WIND, natural gas, and solar power projects make up most of the projects in the medium-term pipeline, the Department of Energy (DoE) reported, citing data on “indicative” projects compiled as of August.

Of the 60,362.16 megawatts (MW) of indicative power projects, about 83% or 50,366.96 MW are renewables dominated by wind power projects with total capacity of 34,080.50 MW.

Natural gas, solar, and hydropower projects accounted for 8,320 MW, 7,987.60 MW, and 7,811.86 MW, respectively.

This was followed by coal-fired power plants with 1,520 MW and geothermal with 413 MW.

Meanwhile, oil-based and biomass projects had capacities of 155.20 MW and 74 MW, respectively.

Indicative projects are those that are currently in the pre-development stage.

Private sector-initiated projects with target commercial operations have a total capacity of 58,002.16 MW.

Meanwhile, committed projects, or those that are in the construction phase or have achieved financial closing, have a total capacity of 12,506.59 MW.
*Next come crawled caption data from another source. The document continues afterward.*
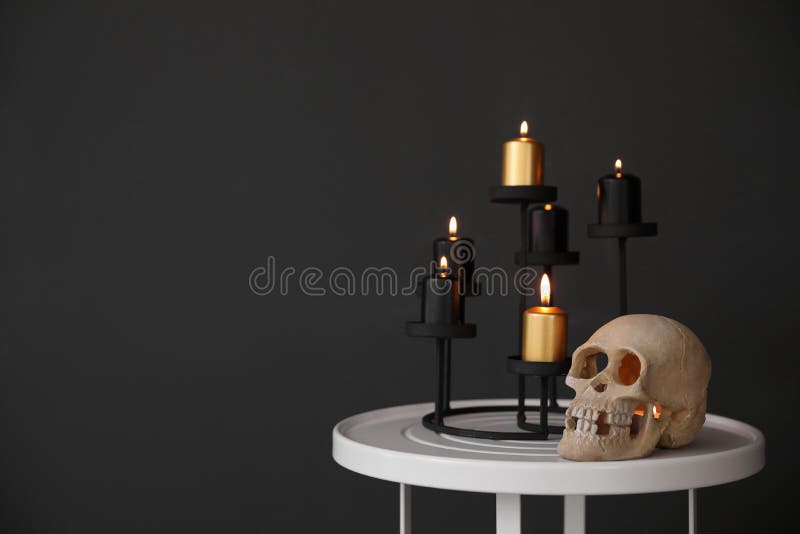 Dekoracja Halloween na stole przy czarnej ścianie Idea świątecznego wnętrza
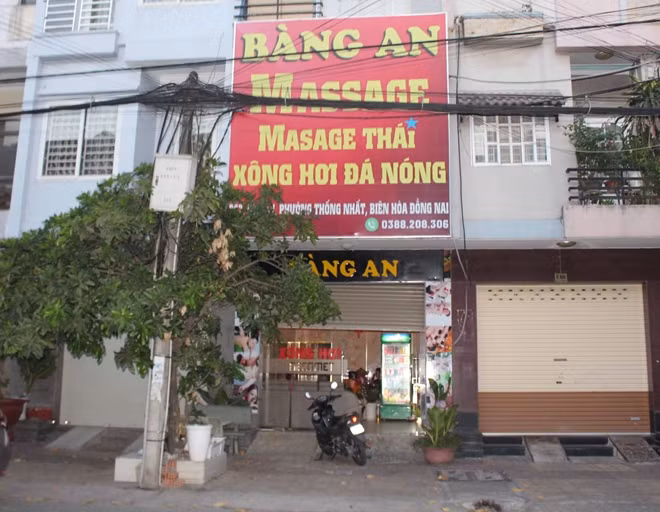Cơ sở massage vẫn hoạt động bất chấp quy định tạm ngưng kinh dooanh.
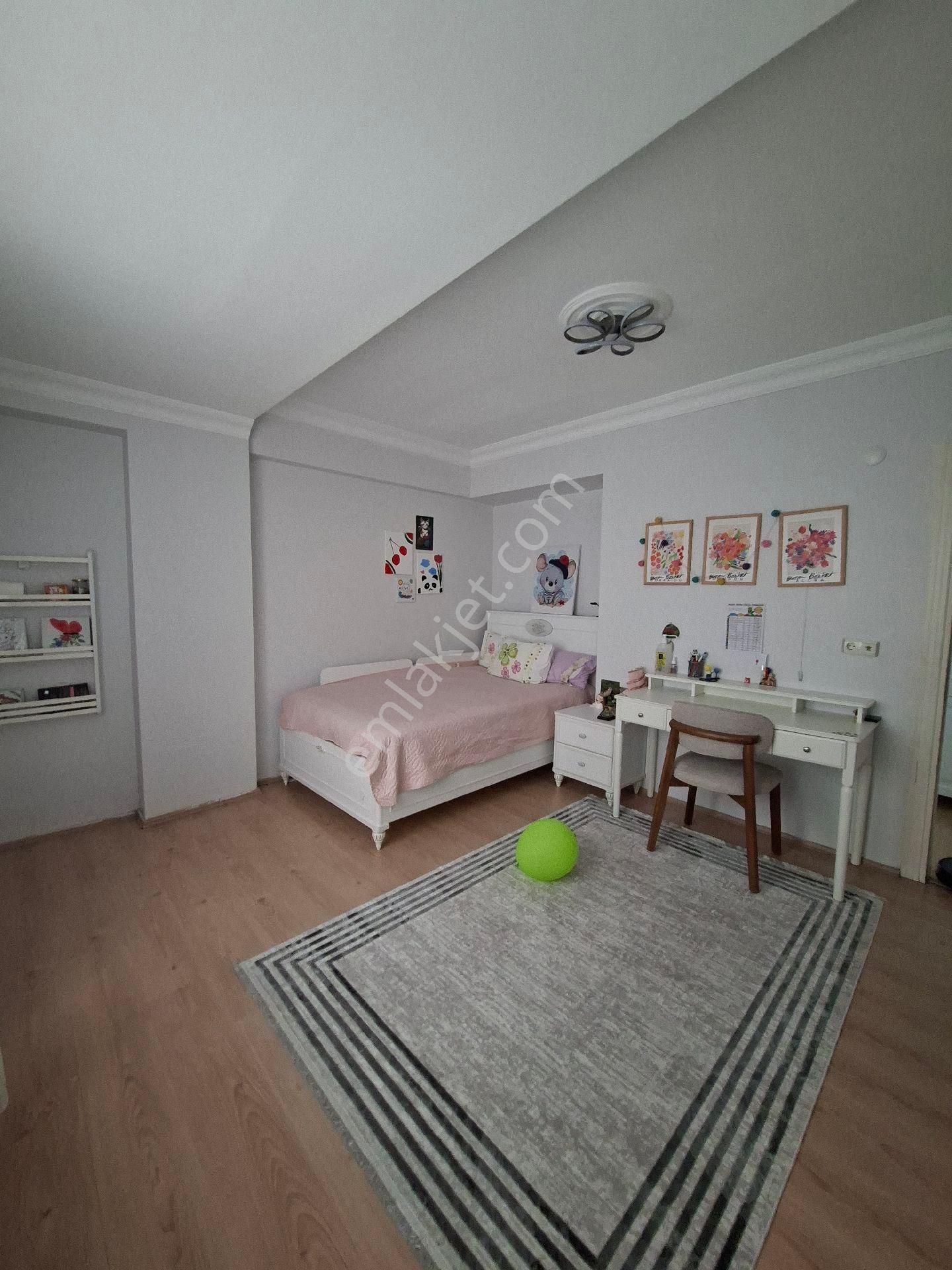 Yüksek Giriş 2 Artı 1 Daire - Görsel 13
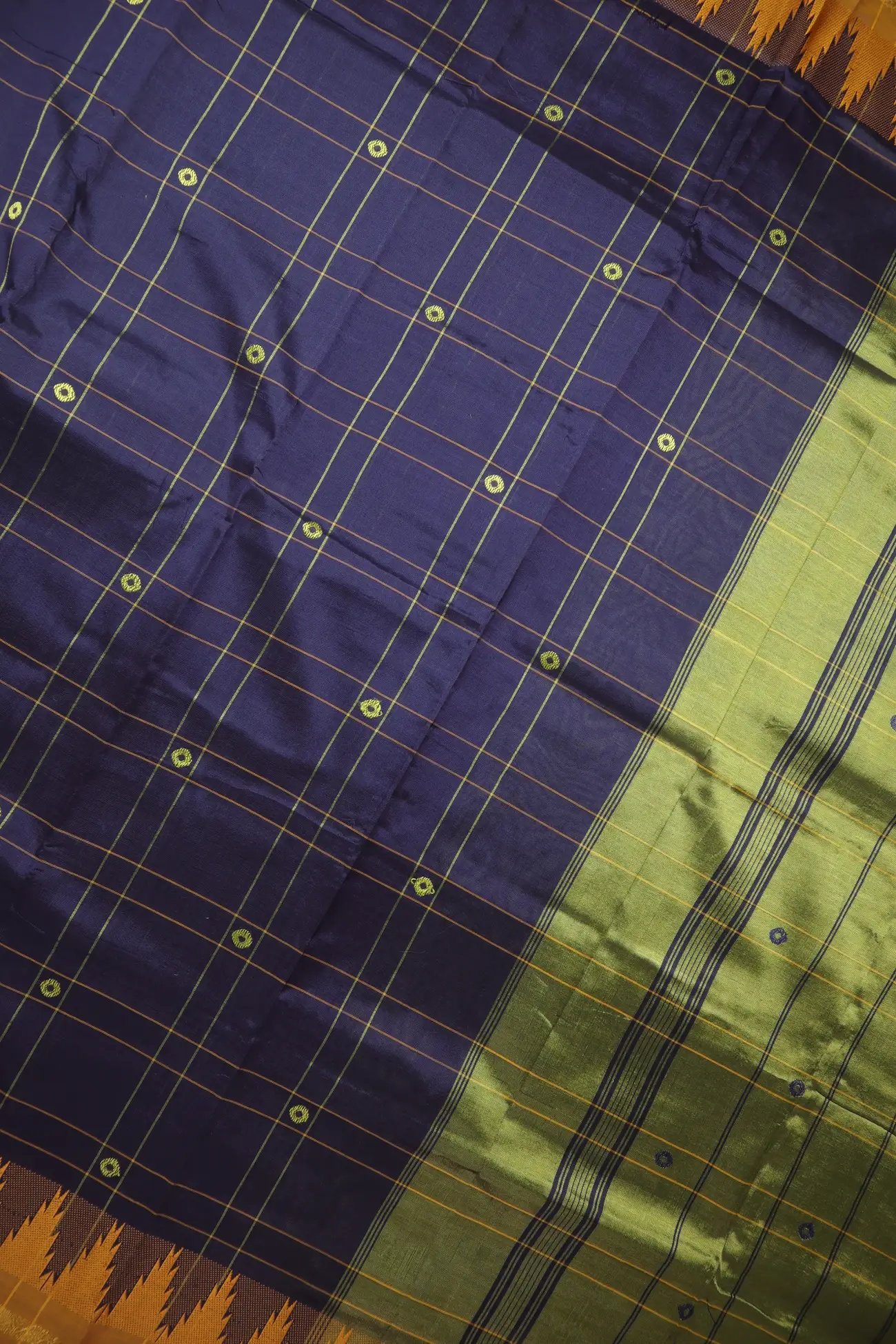navy-temple-kundavai-saree-kun000099-c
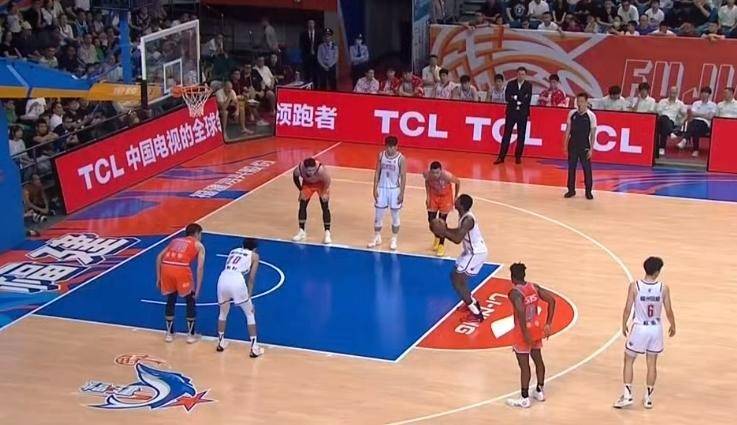 168NBA-CBA亚军豪取3连胜！外援33+11救主，双方险爆冲突，黑马令人期待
The pipeline of projects includes those without a firm commercial operations date and those where the date is beyond 2027.

Of the total, natural gas projects account for 6,070 MW. Renewable energy (RE) projects had a combined total of 4,044.88 MW. Coal-fired power plants accounted for 2,305 MW.

In July, the Department of Energy issued notices of award for 105 winning bids in the second Green Energy Auction (GEA-2), covering projects generating 3,440 MW, well below the 11,600-MW capacity on offer.

The project timelines are between 2024 and 2026.

The GEA program aims to promote RE as a primary source of energy through competitive selection.

As of the end of 2022, RE accounted for about 22% of the energy mix, with coal-fired power plants accounting for almost 60%.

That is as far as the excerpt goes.